Work to be completed
From the material below, reproduce exactly the stretch of lines that begins with the line holding "Lacné Kryty Lacné" and ends with the line holding "セクシー パンタロン パンツ", skipping the pictures.

Given records
────

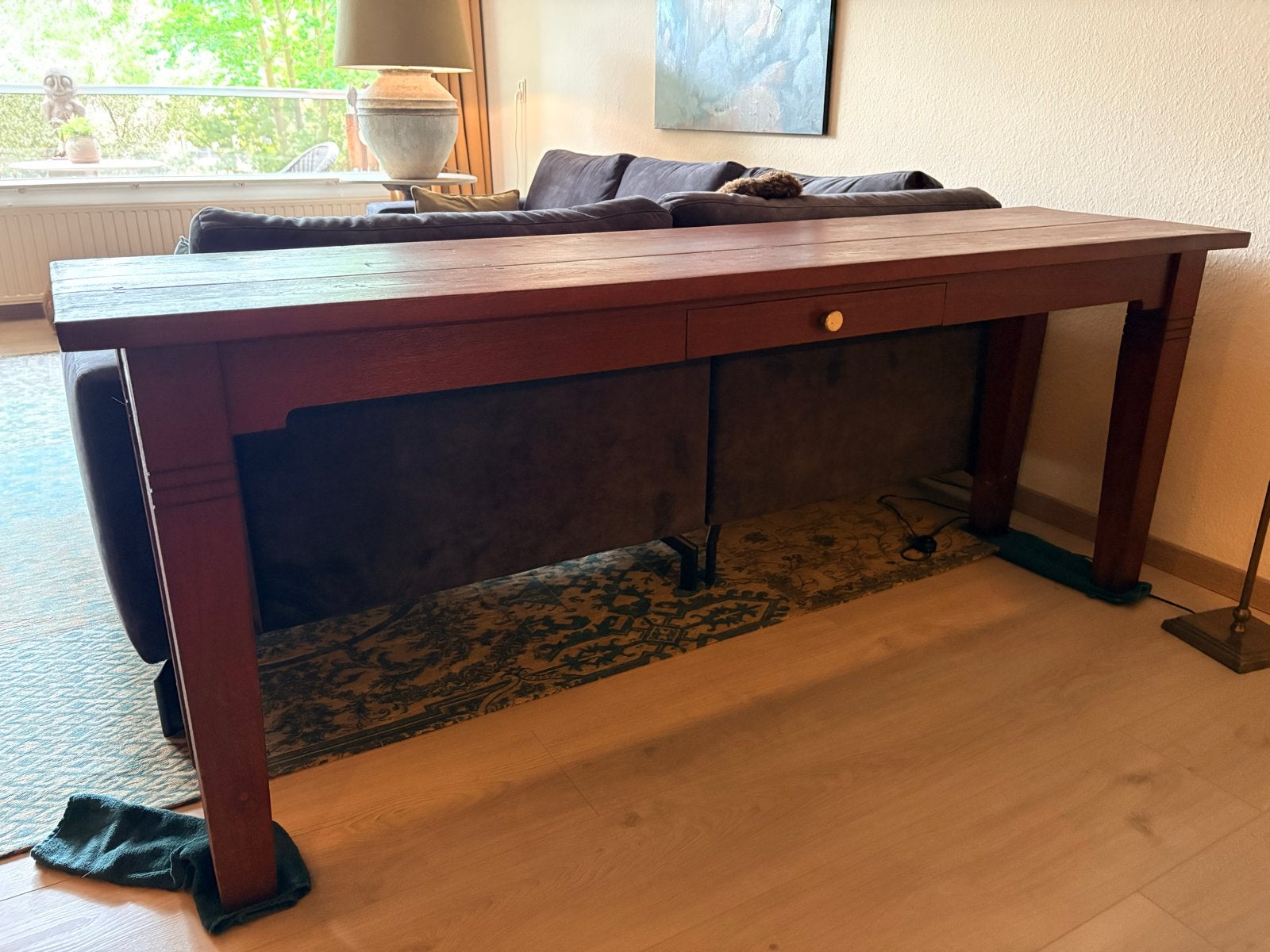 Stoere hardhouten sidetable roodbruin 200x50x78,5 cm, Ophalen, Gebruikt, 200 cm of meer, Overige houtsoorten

────

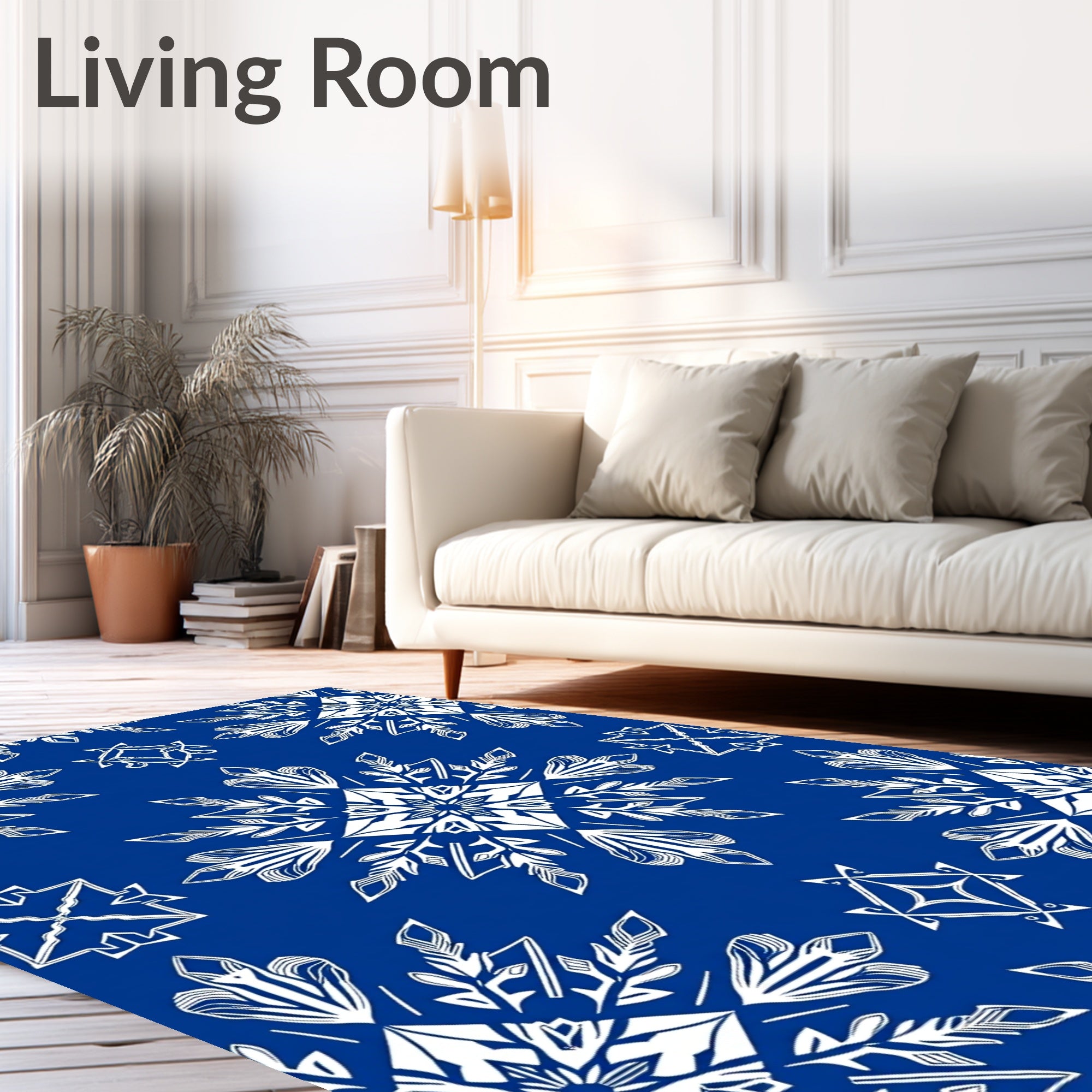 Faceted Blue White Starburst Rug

────

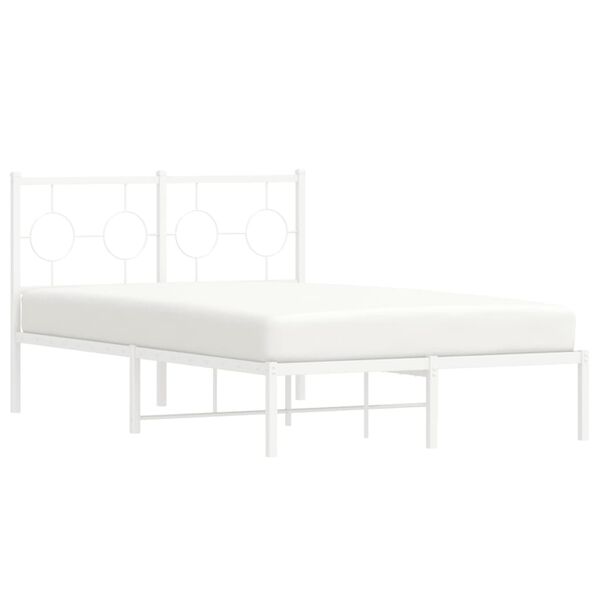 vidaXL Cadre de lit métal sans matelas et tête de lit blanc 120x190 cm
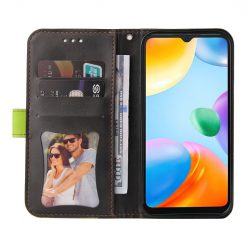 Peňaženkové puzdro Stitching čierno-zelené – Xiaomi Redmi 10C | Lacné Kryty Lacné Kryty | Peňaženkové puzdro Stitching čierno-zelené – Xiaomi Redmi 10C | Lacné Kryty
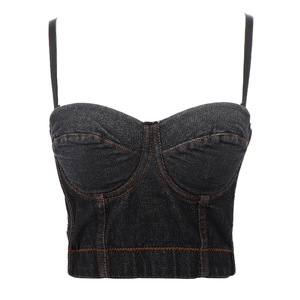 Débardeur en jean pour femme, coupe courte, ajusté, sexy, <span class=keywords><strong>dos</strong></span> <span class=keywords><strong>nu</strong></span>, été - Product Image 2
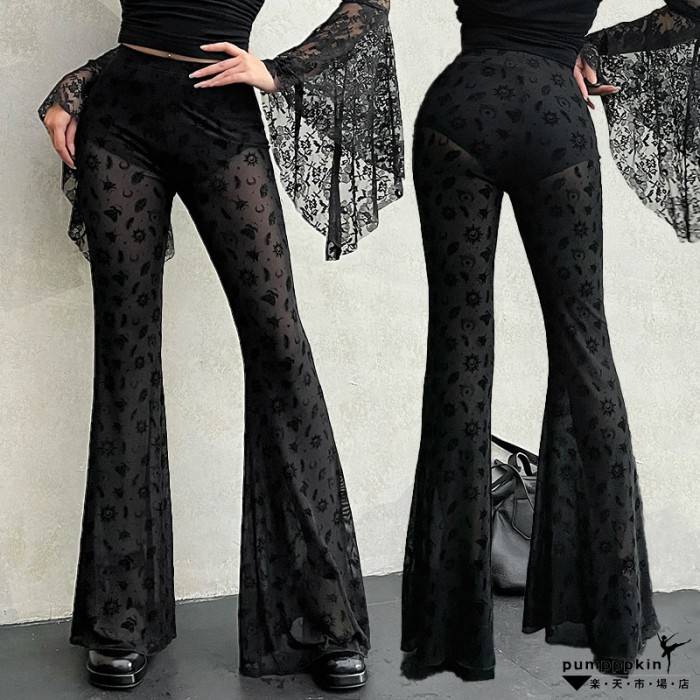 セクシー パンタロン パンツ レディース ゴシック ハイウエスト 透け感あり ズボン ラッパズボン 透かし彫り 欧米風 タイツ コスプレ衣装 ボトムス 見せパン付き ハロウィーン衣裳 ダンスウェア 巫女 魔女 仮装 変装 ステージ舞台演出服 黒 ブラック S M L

────

Response below
 Peňaženkové puzdro Stitching čierno-zelené – Xiaomi Redmi 10C | Lacné Kryty Lacné Kryty | Peňaženkové puzdro Stitching čierno-zelené – Xiaomi Redmi 10C | Lacné Kryty
 Débardeur en jean pour femme, coupe courte, ajusté, sexy, <span class=keywords><strong>dos</strong></span> <span class=keywords><strong>nu</strong></span>, été - Product Image 2
 セクシー パンタロン パンツ レディース ゴシック ハイウエスト 透け感あり ズボン ラッパズボン 透かし彫り 欧米風 タイツ コスプレ衣装 ボトムス 見せパン付き ハロウィーン衣裳 ダンスウェア 巫女 魔女 仮装 変装 ステージ舞台演出服 黒 ブラック S M L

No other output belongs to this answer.